メッシもイニエスタもバルサだから活躍できる

中竹:個人の哲学とチームの価値観のバランスはどう取ればいいのでしょう。一流のアスリートや一流のビジネスパーソンは、自分の強みや哲学を持っていて、それが、彼らが一流たるゆえんでもある。それをどのようにチームに融合させていけばいいのでしょうか。進化し続けるには、何がカギとなるのでしょう。

リアド:今のバルサの強みの一つは、贅沢(ぜいたく)なことに、メッシという世界最高の選手がいることです。彼のスキルがチームの価値を保っています。しかもメッシは、技量が優れているだけではなくて、チームへの貢献度も高く、組織の一員としての振る舞いも立派です。チームのため、街のために、喜んで最大限の自分の力を発揮できる選手です。

ソスナ:バルサの選手たちは、献身性にあふれています。メッシもそうですよね。世界中のどのチームにも行くことができて、十分な報酬をもらえるはずのメッシが、バルサを離れたくないとずっと言っている。イニエスタも、シャビも、ブスケツも同じです。

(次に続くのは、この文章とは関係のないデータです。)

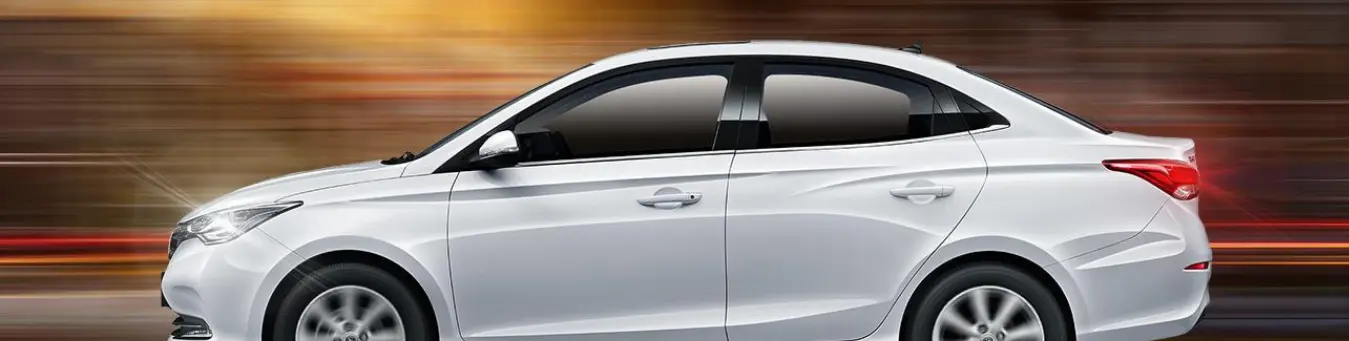 Asegurar Changan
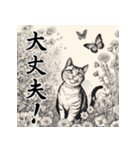 水墨画風 猫スタンプ （AI生成）（個別スタンプ：10）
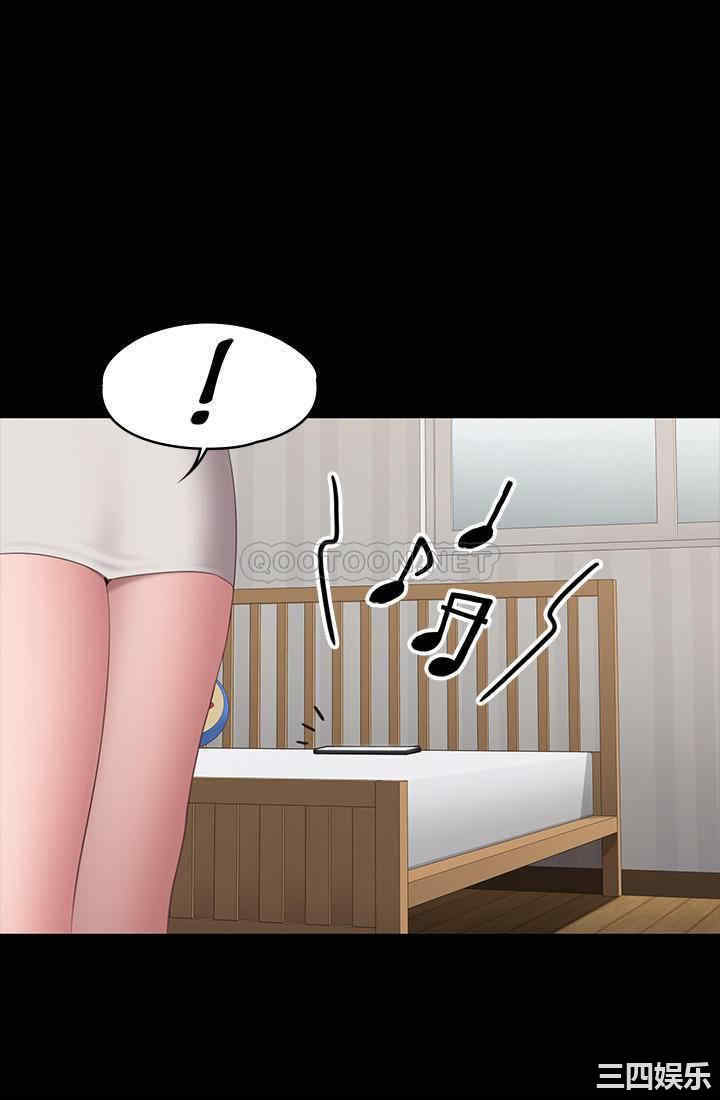 第26张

 彼らの多くは、もしほかのチームに移籍したら、パフォーマンスが落ちてしまうかもしれません。アルゼンチン代表チームでのメッシが好例ですよね。バルサでは活躍しているのに、アルゼンチン代表チームで彼は結果を残せず、国際大会でのタイトルがなかなか取れません。

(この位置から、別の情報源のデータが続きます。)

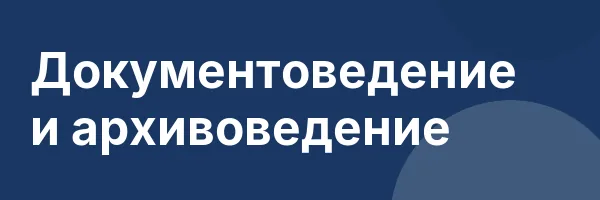 Документоведение и архивоведение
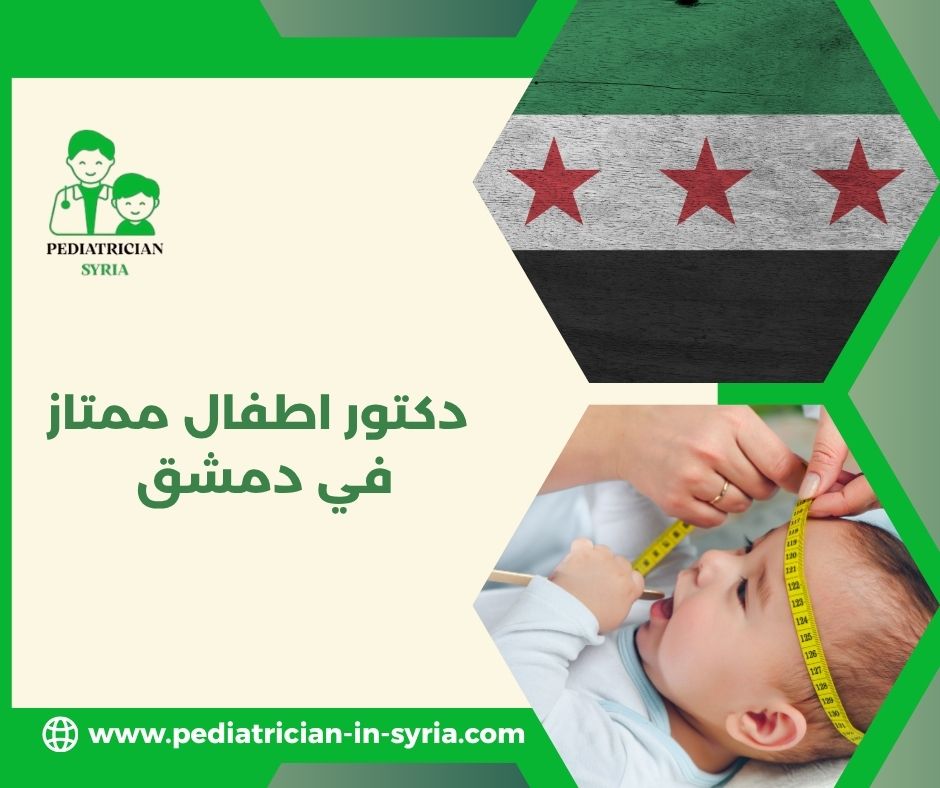 دكتور اطفال ممتاز في دمشق دكتور اطفال ممتاز في دمشق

 それはバルサのシステムが、メッシに力を与えているからなんです。サッカーはチームプレーであり、オーケストラの演奏のようなものですから。

中竹:ビジネスパーソンは、バルサやラ・マシアのシステムからどんなことを学びとれるでしょうか。

リアド:人は勝利を目指しているとき、とりわけ仲間とともに勝利を目指すときには、まず自分が仲間に囲まれていると理解することが第一です。バルサの流儀から学べるのは、仲間とともに向上することの大切さです。

 バルサはどんなときも人への気配りを忘れず、短期的な考えに縛られません。最高のコーチングを施しながら、長い目で選手や人の成長を見守り、報われるまで努力を続けていきます。勝利のために学び続け、未来へと希望をつないでいく。

 あなたの会社や組織に、そういう雰囲気があるでしょうか。これは常に問い続けたいですよね。